Hay, sin embargo, un elemento que no es abordado por Reyes-Torres y que entendemos es tarea pendiente para nuestra doctrina constitucional. Ya sabemos que el TC ha establecido que “la acción directa en inconstitucionalidad, como proceso constitucional, está reservada para la impugnación de aquellos actos señalados en los artículos 185.1 de la Constitución de la República y 36 de la Ley Orgánica No. 137-11 (leyes, decretos, reglamentos, resoluciones y ordenanzas), es decir, aquellos actos estatales de carácter normativo y alcance general” (Sentencia TC 51/12), excluyendo los actos administrativos, cuya impugnación solo se admite excepcionalmente, cuando estos fueron dictados con la intención deliberada y manifiesta de violar la Constitución (Sentencia TC 127/13).
Pues bien, creo que, a la luz de esta errada jurisprudencia del TC, la noción de interés legítimo, salvo en los excepcionales casos de actos manifiestamente arbitrarios y actos en ejecución de la Constitución, es prácticamente inservible pues, al tiempo que se admite en la gran mayoría de –sino todos- los casos la legitimidad de todo el que acciona en inconstitucionalidad contra normas, ya no se necesita filtrar, por la vía de constatar el interés legítimo del accionante, los casos de acciones en inconstitucionalidad contra actos administrativos pues el TC, en violación a la Constitución y a la Ley Orgánica del Tribunal Constitucional, inadmite esos casos, al considerar que no procede dicha acción contra actos administrativos.

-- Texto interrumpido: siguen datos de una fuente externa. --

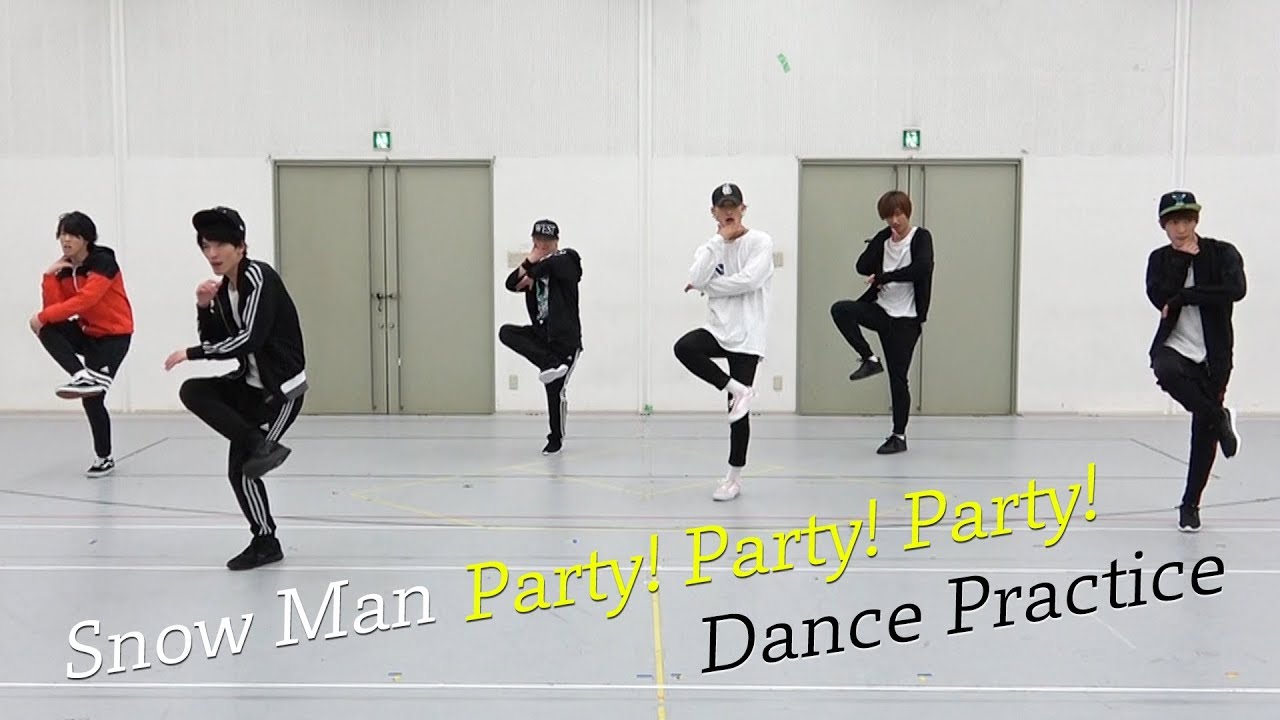 Snow Man【ダンス動画】Party! Party! Party! (dance ver.)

Precisamente, el constituyente de 2010 incorporó a la Constitución la noción de interés legítimo como una manera de equilibrar la ampliación del objeto del control concentrado de constitucionalidad que, a partir de 2010, abarca no solo las leyes y los reglamentos sino también los actos. En este sentido, lo que se buscaba era evitar que el TC se inundara de acciones en inconstitucionalidad contra actos administrativos, incoadas por personas que no eran ni ariente ni pariente de las partes del acto, que no tenían vela en el entierro constitucional, pues no eran personas con un interés legítimo frente al acto. Pero ya ese filtro no hay que usarlo: sencillamente el TC, de modo pretoriano, puso una gran válvula a la entrada del tribunal que impide que los actos administrativos sean cuestionados por la vía de la acción directa.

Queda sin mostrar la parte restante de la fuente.